After three hours, two coffees, and one pastry, both Brunetti’s mind and his wallet were empty. He subsequently remembered going into a CD store and marvelling as Paola reeled off a list of outlandish names, then watching, hypnotized by the colours and designs on the covers, as the clerk wrapped two separate stacks of discs. He chose a sweater for Raffi, exactly the colour of one of his that his son had taken to borrowing, and refused to listen to Paola’s protest that cashmere was wasted on Raffi. His long-term plan included a casual switch of sweaters after a month or two. In a computer store, she bought two games with equally garish covers and, he was certain, equally garish contents.

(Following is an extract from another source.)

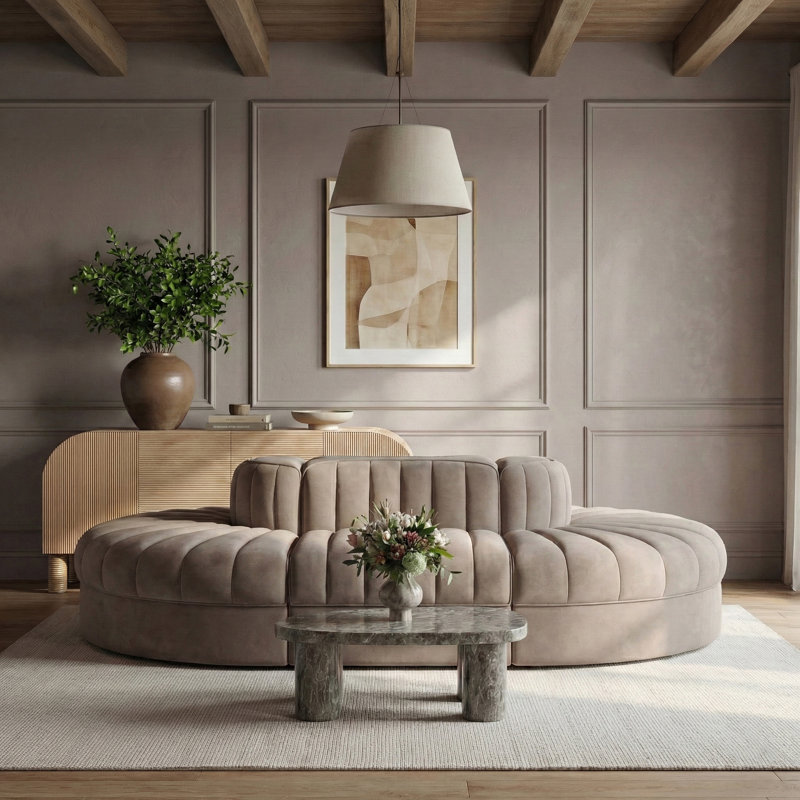 Tissu en velours Demars Performance 6 pièces Canapé modulaire modulaire, Velours taupe, 27" H x 127" W x 68" D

After that, Paola agreed that she had had enough and turned towards home. As they were coming back towards San Bortolo and the bridge, Brunetti stopped in front of a jewellery store and studied the rings and necklaces in the window. Paola stood silent beside him.
Just as he started to speak, she said, ‘Don’t even think about it, Guido.’
‘I’d like to give you something nice.’
‘Those things are expensive. That doesn’t make them nice.’
‘Don’t you like jewellery?’
‘You know I do, but not like that, with enormous stones looking as if they’ve been tortured into place.’ She pointed to a particularly infelicitous combination of minerals and said, ‘It looks like something Hobbes would give to one of his wives.’ When Paola had first used this name to refer to the current head of government, Brunetti’s puzzled look had forced her to explain that she had chosen the name because of the English philosopher Hobbes’s description of human life: ‘Nasty, brutish, and short’. Brunetti had been so taken with its appropriateness that he now substituted the name, not only when reading newspaper headlines, but also in ministerial documents.
He realized that he was going to get no help from Paola in selecting her own gift, so he abandoned the attempt and went home with her to try to find a place to hide their haul from their prying children. The only thing he could think of was to put them all at the bottom of their wardrobe, but not before attaching to them carefully printed cards bearing Paola’s name, her mother’s, and her father’s. He hoped thus to deflect the children’s sorties. The thought of hiding things took his mind back to the box of salt and its strange contents.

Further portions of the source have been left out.